Le pire dans cette polémique, c’est qu’Eric Zemmour, en avançant l’idée que Pétain aurait sciemment, délibérément permis de réduire le nombre de déportation de citoyens français de confession juive, tend à exonérer et même réhabiliter Pétain au prétexte que les quarante-quatre enfants de confession juive d’Izieu arrêtés et déportés en avril 1944, tous exterminés, à Auschwitz et à Tallinn pour les deux plus âgés, n’étaient pas des enfants français mais « d’origine étrangère ». C’est d’autant plus odieux que le choix de Vichy de ne pas épargner les enfants est connu et prouvé -  y compris dans les rafles, les enfants français, qui risquaient de constituer des témoins à charge par la suite en plus de poser des problèmes de gestion et administratifs. Doit-on excuser Pétain au prétexte que les enfants d’Izieu ont été arrêtés par la Gestapo de Klaus Barbie  et non par la police française mais avec, sinon la bienveillance, du moins le consentement des autorités françaises qui ne se sont en rien opposées à leur déportation ? Doit-on pardonner à Pétain au prétexte qu’il a préféré laisser assassiner d’abord les uns ce qui ne signifie pas qu’il renonçât, à laisser tuer les autres ? Avait-il seulement l’intention de « sauver les Juifs français » ou ne cherchait-il pas plutôt à en conserver un stock d’otages pouvant servir ses transactions avec les autorités d’occupation nazies « pour le bien des bons Français » ?  La collaboration l’obligeait par ailleurs respecter la logique d’extermination nazie dont la finalité était d’abord la destruction des Juifs puis de tous ceux qui ne correspondaient pas au principe d’identité nazie, à leur logique identitaire. D’ailleurs, sur les 74 000 personnes de confession juive qui ont été déportées depuis la France, un tiers avait la nationalité française. Certes, il s’agissait en grande partie d’enfants de confession juive nés en France mais dont les parents étaient d’origine étrangère (80% des enfants du Vel’d’Hivd étaient de nationalité française). Peut-être qu’Éric Zemmour ne les considèrent-ils pas comme de « vrais et bons » Français, car de trop fraîche date pour lui ?

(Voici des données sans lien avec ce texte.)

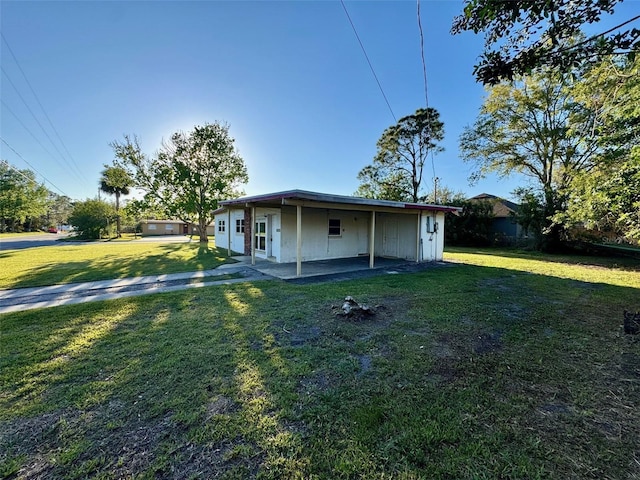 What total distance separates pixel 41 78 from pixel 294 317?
1938 centimetres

En fait, la tactique zemourrienne consiste à instrumentaliser un fait pour susciter le doute, créer un doute raisonnable, au sens juridique du terme, c’est-à-dire induire de l’incertitude, du possible, de la croyance, afin de s’absoudre de toute critique (le doute raisonnable ne permet pas de justifier la condamnation du prévenu, d’en faire un coupable) et ce pour lui permettre de légitimer l’énoncé du doute, donner l’impression qu’il y a du vrai, et donc faire du doute une certitude. Il ne dit pas que Pétain n’a pas sauvé les Juifs mais qu’il a sauvé les Juifs de France, donc ceux qui disent qu’ils n’a pas sauvé les Juifs se trompent puisqu’il a sauvé les juifs de France et s’ils se trompent sur ce point précis  qui discrédite Pétain - sous entendu, s’ils ne disent pas vraiment la vérité, à dessein ? et donc pour quel dessein ? - c’est l’ensemble des prises de positions concernant Pétain qui doivent être reconsidérées, car le doute raisonnable - raisonneur marmonneur - concernant ce fait jette le doute sur l’ensemble des travaux des historiens soumis à ce que Éric Zemmour appelle dans Le Suicide françaisla « la doxa paxtonienne », du nom de Robert Paxton dont les travaux ont montré la responsabilité de Pétain et de Vichy dans la persécution et le génocide des juifs vivants alors en France, parce que juif, français, étrangers, immigrés et apatrides. Son acharnement à critiquer le travail de Robert Paxton tiendrait-il au fait que l’historien avait été l’un des premiers à déconstruire la doxa d’extrême droite sur  la thèse dite « du glaive et du bouclier » selon laquelle de Gaulle et Pétain furent tous deux indispensables pour le salut de la France car ils auraient mis en acte deux formes de résistance : Pétain aurait réussi à maintenir un Etat français sur une partie de son territoire et fut donc un combattant pour la souveraineté de la France au même titre que De Gaulle le fût pour sa libération. D’où la sempiternelle rengaine du candidat Zemmour à chercher à mettre sur le même plan Pétain et de Gaulle, et à se prévaloir des deux sans les opposer (et d’avancer pour tout se justifier que De Gaulle avait gracié Pétain, après tout).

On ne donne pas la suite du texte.